In August 2023, Sasol expressed that it would stop supplying gas to third parties at the end of June 2026 as a result of its depleting gas supply and would only be importing gas from the Pande and Temane fields for its own operations.

The Pande and Temane gas fields – operated by Sasol, is an unincorporated joint venture between Sasol, financial institution International Finance Corporation and Mozambican State oil company Companhia Moçambicana de Hidrocarbonetos – have an expected life of about 25 years and started production in 2004, with gas supply expected to start declining.

Therefore, third parties will need to look for alternatives gas supplies; however, he explains that there is currently no significant indigenous gas source in the region that can supplement declining supply for South African customers by mid-2026, when Sasol will cease supply to the third-party market.

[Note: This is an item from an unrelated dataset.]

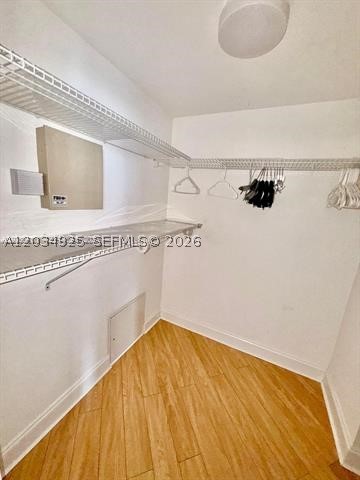 SOLIMAR CONDO - Residential Lease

While Sasol has made a gas discovery in the Bonito-1 exploration well, in Mozambique, which is not far from its existing fields, the discovery is in its early stages and would likely take between five to eight years before it is developed and able to supply gas, as opposed to being able to supply gas within the short 2026 timeframe, Sebake explains.

Further, despite various other gas discoveries in Mozambique, Sebake explains that these are still in the early stages of development, delayed by the instability in the Cabo Delgabo province and located too far away from the ROMPCO pipeline to be able to viably leverage the existing ROMPCO infrastructure.

Currently, ROMPCO has no intentions of extending the pipeline to the northern part of Mozambique where the discoveries were made, as doing so requires a significant and stable gas source, significant investment and a guaranteed customer base.

He explains that ROMPCO would only consider potentially extending the pipeline if gas offtakers reach an agreement that warrants the extension of the pipeline and subsequently requests the company to enable transporting gas to its intended destination.

Timely Action Steps
Without a stable gas supply, businesses and industries that rely on gas will have to look at alternative energy sources while many gas- related businesses may be forced to close, either outcome of which would impact the over 70 000 people employed directly and indirectly in the gas industry.

Sebake stresses that gas projects take a significant amount of time to develop; therefore, decisions in the gas industry need to be made in a timely manner.

“A lot of players in this industry have dragged their feet around making decisions, which is understandable given the amount of investment and long-term commitments they would have to make and I think it's partly the reason we find ourselves in this panic and also relying solely on one player to provide solutions,” he says.

He notes that Sasol notified the market that its supply was declining in 2018, thereby providing time for new gas suppliers to enter the market and discoveries to be made to offset the looming deficit.


The declining gas supply is expected to impact ROMPCO, Sebake acknowledges.

In particular, he explains that the decline in gas volume affects the pipeline’s ability to transport gas as the pipeline is designed and built for a specific volume of gas to be transported.

Sebake explains that the pipeline has operational thresholds, whereby if gas volumes fall below the threshold, the pipeline will not be able to transport gas efficiently owing to a lack of pressure.

Without sufficient gas volumes in the pipeline, the asset is at risk of becoming stranded.


Discussing alternatives, Sebake notes that LNG, which can be shipped into the country on LNG ships, presents an attractive alternative energy source.

However, he expresses concern that LNG might not be an affordable alternative as LNG is trading at high prices owing to international pricing dynamics and heightened global demand, particularly in Europe and Asia.